ValueError: You have to specify either decoder_input_ids or decoder_inputs_embeds

        Call arguments received by layer 'decoder' (type TFBlenderbotDecoder):
          • input_ids=None
          • inputs_embeds=None
          • attention_mask=None
          • position_ids=None
          • encoder_hidden_states=tf.Tensor(shape=(None, None, 1280), dtype=float32)
          • encoder_attention_mask=tf.Tensor(shape=(None, None), dtype=int32)
          • head_mask=None
          • cross_attn_head_mask=None
          • past_key_values=None
          • use_cache=True
          • output_attentions=False
          • output_hidden_states=False
          • return_dict=True
          • training=True
    
    
    Call arguments received by layer 'model' (type TFBlenderbotMainLayer):
      • input_ids=tf.Tensor(shape=(None, None), dtype=int32)
      • attention_mask=tf.Tensor(shape=(None, None), dtype=int32)
      • decoder_input_ids=None
      • decoder_attention_mask=None
      • decoder_position_ids=None
      • head_mask=None
      • decoder_head_mask=None
      • cross_attn_head_mask=None
      • encoder_outputs=None
      • past_key_values=None
      • inputs_embeds=None
      • decoder_inputs_embeds=None
      • use_cache=True
      • output_attentions=False
      • output_hidden_states=False
      • return_dict=True
      • training=True
      • kwargs=<class 'inspect._empty'>


Call arguments received by layer 'tf_blenderbot_for_conditional_generation' (type TFBlenderbotForConditionalGeneration):
  • input_ids={'input_ids': 'tf.Tensor(shape=(None, None), dtype=int64)', 'attention_mask': 'tf.Tensor(shape=(None, None), dtype=int64)'}
  • attention_mask=None
  • decoder_input_ids=None
  • decoder_attention_mask=None
  • decoder_position_ids=None
  • head_mask=None
  • decoder_head_mask=None
  • cross_attn_head_mask=None
  • encoder_outputs=None
  • past_key_values=None
  • inputs_embeds=None
  • decoder_inputs_embeds=None
  • use_cache=None
  • output_attentions=None
  • output_hidden_states=None
  • return_dict=None
  • labels=None
  • training=True

See @Rocketknight1 's response in this thread.

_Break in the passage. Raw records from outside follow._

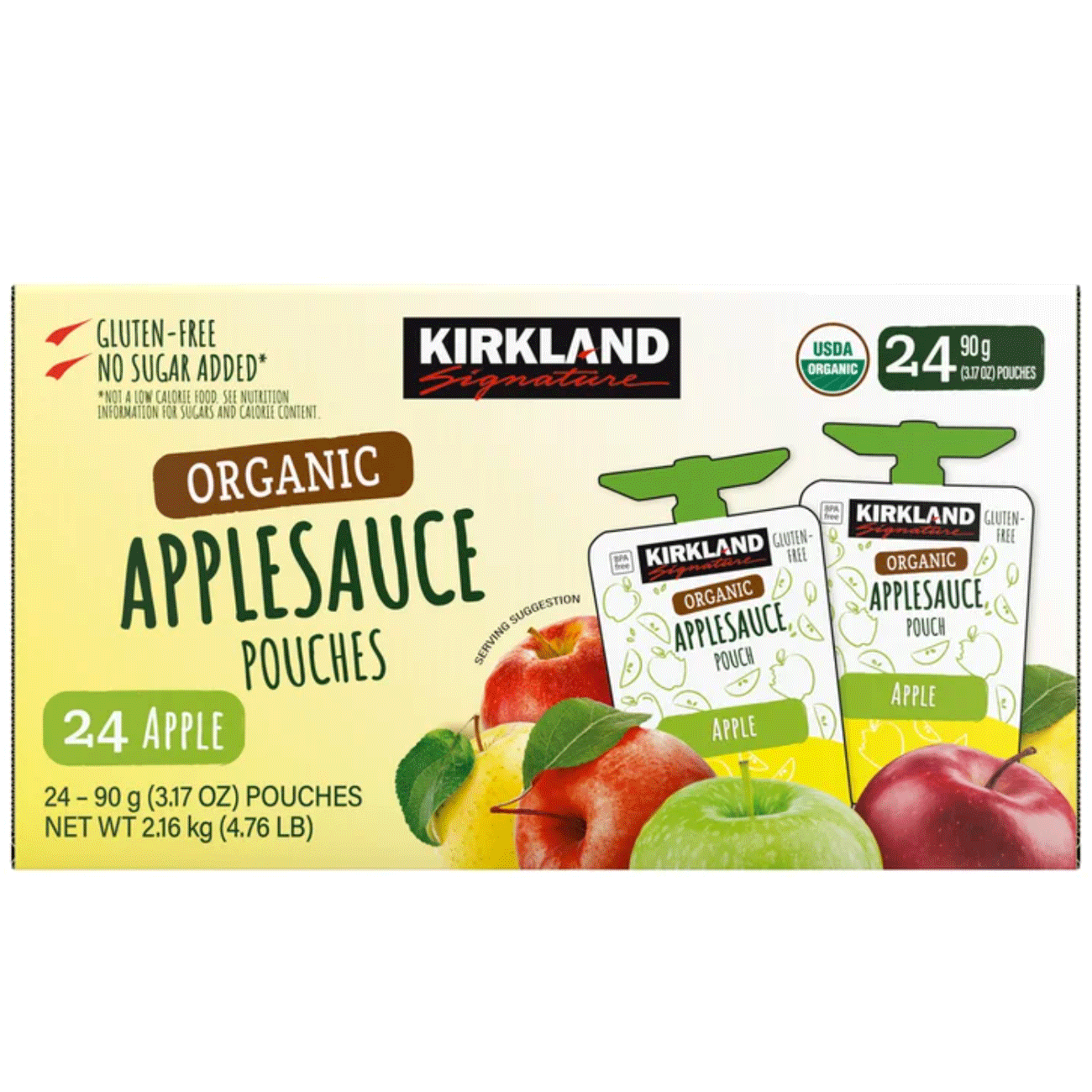 Kirkland Signature, Organic Applesauce - 3.17 oz (90 g) - 24 Pouches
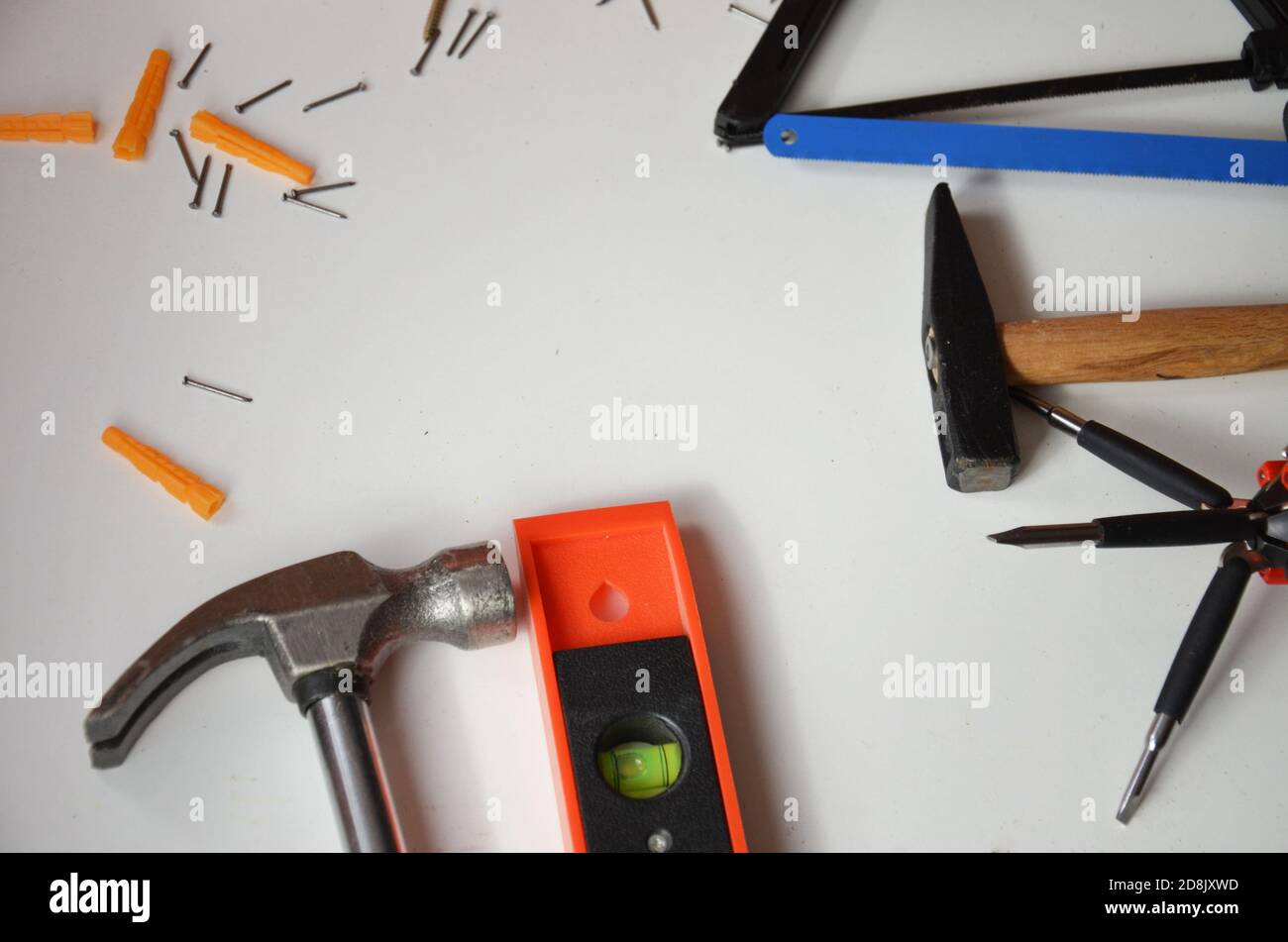 professional builder work with house renovation instruments on white background top view Stock Photo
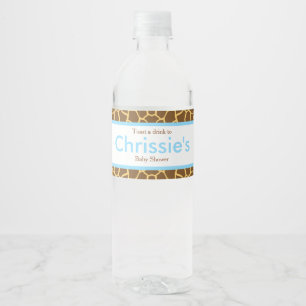 Cute Baby & Mon Giraffe Baby Shower Party Water Bottle Label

Pass in the labels to your to_tf_dataset call

columns=["attention_mask", "input_ids", "labels"],

Also consider using the model.prepare_tf_dataset method which is supposed to shape the dataset appropriately - but I have not tried that out.

Also

1 Like

I did this and It removed the error but got the following error → ValueError: Unable to create tensor, you should probably activate truncation and/or padding with ‘padding=True’ ‘truncation=True’ to have batched tensors with the same length. Perhaps your features (decoder_input_ids in this case) have excessive nesting (inputs type list where type int is expected).
Although padding=True

{‘input_ids’: [[3274, 312, 1610, 473, 107, 40, 4472, 3568, 671, 353, 418, 82, 305, 295, 440, 362, 2854, 515, 90, 286, 1817, 84, 2022, 1661, 265, 588, 2038, 1345, 480

update your preprocessor method to pad the tokens.

tokenizer(examples["Input"], padding="max_length".... or set it to longest.